Director of instruction Grant Rogers provides his clients with lasting lessons

BANDON — It is a quirk of Grant Rogers, the director of instruction at Bandon Dunes Golf Resort, that he won’t tell you how old he is, nor even provide a few clues, though in the Internet age, that notion seems as quaint as playing golf with a hickory-shafted mashie niblick.

Not that he couldn’t, and play very well, hitting every kind of shot you could imagine, and some even he hasn’t thought of yet, though this is a guy who can hit a flop shot from an uphill lie back over his head, on purpose, so he’s thought of a lot of shots.

But he will offer a vision of how old he would like to be.

“I want to be 150 years old,” he said. “I want to be carrying my own bag, I want it to be a links-style golf course, I want it to be dark, I want it to be raining and really windy, and I want to be the last person on the golf course.

“And I want two people in the lodge to see this shadowy figure out there, and one of them says to the other, ‘See that old guy out there? Don’t play him for money.’”

There’s an element of reality in that story. New employees at Bandon Dunes, especially young hot-shot golfers, are warned that they will play Rogers for money at their own risk, and there are great stories about Rogers and matches, some with stakes as simple as a root beer float, some involving putters — he carries two in his bag, always — used from 150 yards out, or off the tee, or drivers used on par 3s into the wind.

Once a businessman boastfully offered Rogers a substantial sum — he won’t say how much — if he could sink, in one shot with a wedge, a ball into the farthest hole at the acre-sized practice green at Bandon Dunes.

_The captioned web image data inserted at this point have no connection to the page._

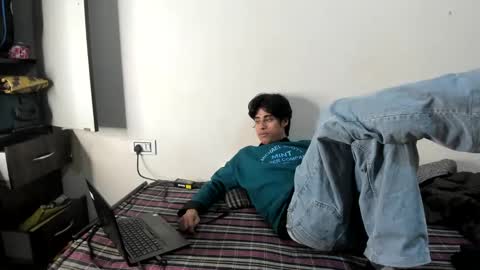 Snapshot of ash2730 chatting on 1, 2, 2025 ash2730 online show from 1, 2, 2025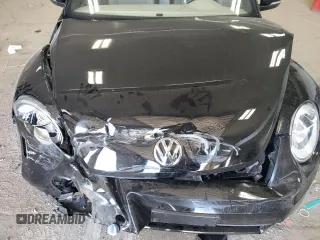 2013 Volkswagen Beetle 2.5L с VIN 3VW5P7AT5DM811974, выставлен на аукционе Copart как лот 56853015 с пробегом 68 959 миль миль и На запчасти • Non repairable. История ставок и продаж доступна на DreamBid. Изображение 11.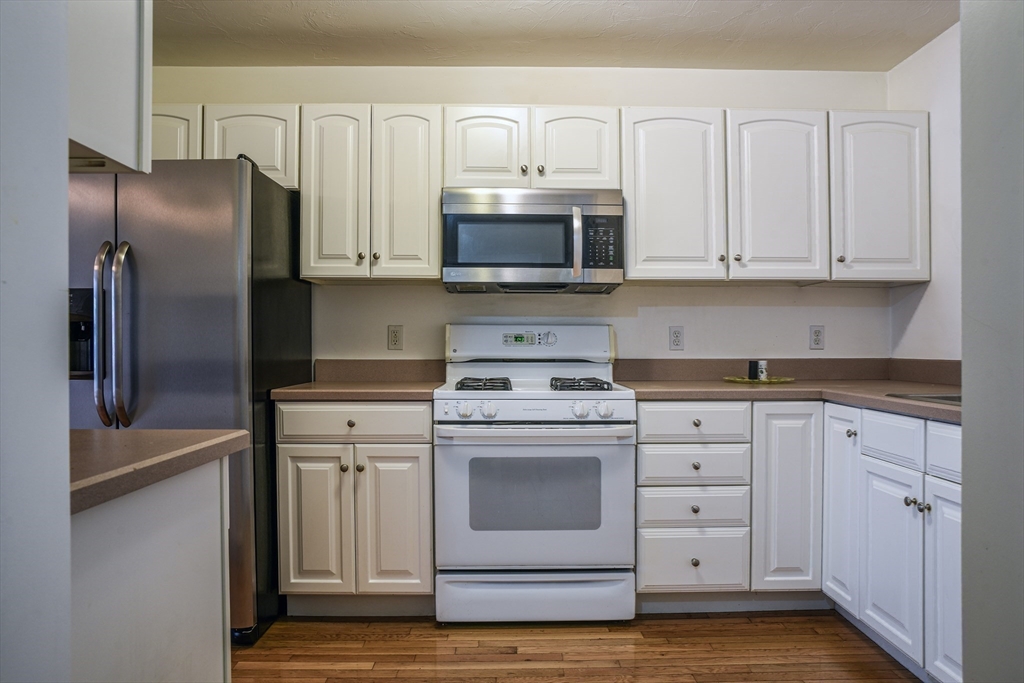 715 Thayer St # 715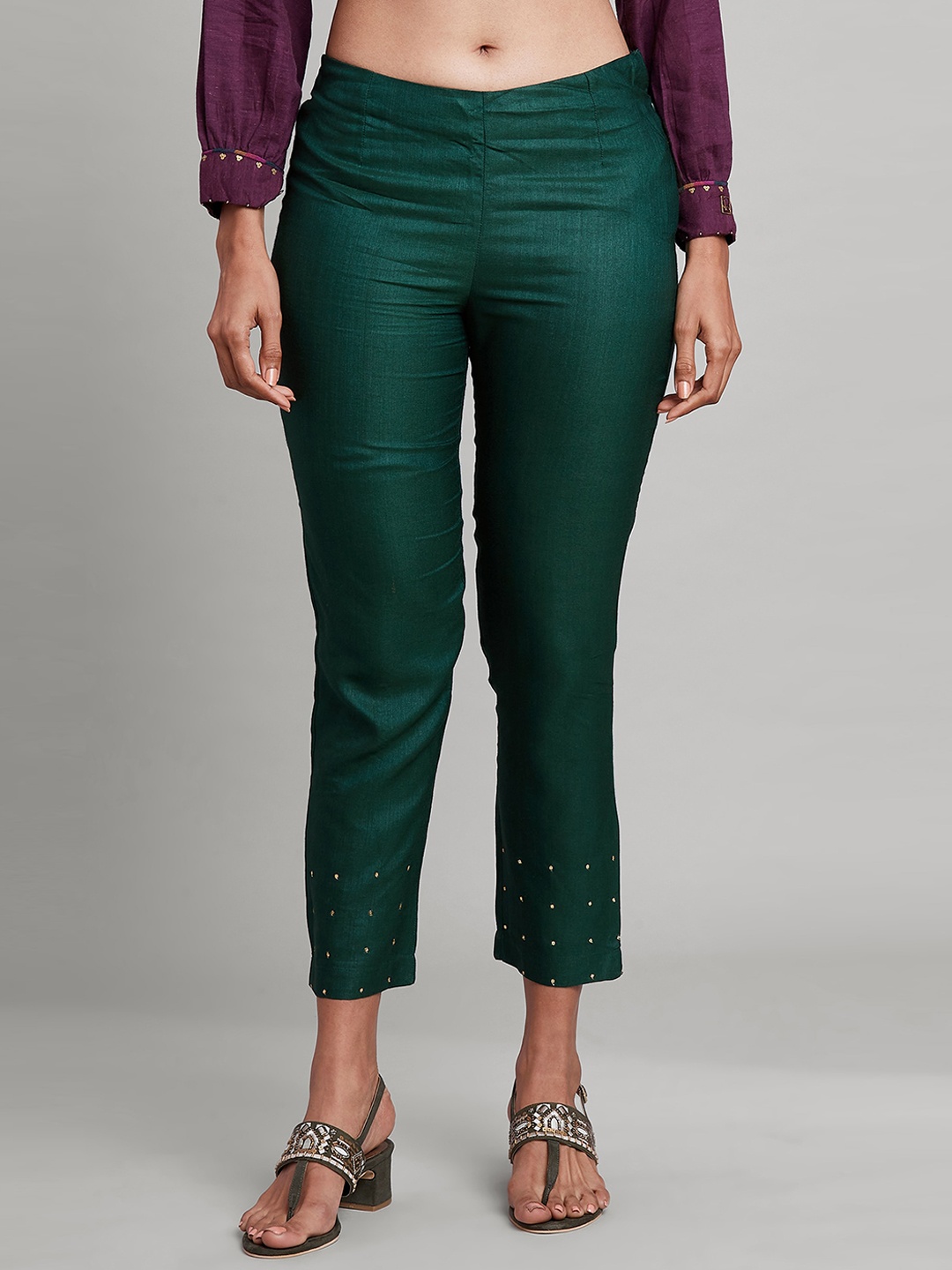 

W The Folksong Collection Women Green Solid Poly Silk Trousers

“As it got close to the hole I remember him saying ‘Oh my God,’ and then it went right in,” Rogers said. “I still have the check. It was written a long time ago. I never intended to cash it. It’s fun to look at it every now and then. There were a few zeroes, definitely.”

But there’s a certain mystical quality, too, in this image of the old guy on the golf course on a stormy night, and fitting enough, because Rogers has been compared with Shivas Irons, the mysterious golf teacher in “Golf in the Kingdom,” and has been called a Yoda, and a guru, and a wizard, and a Zen master.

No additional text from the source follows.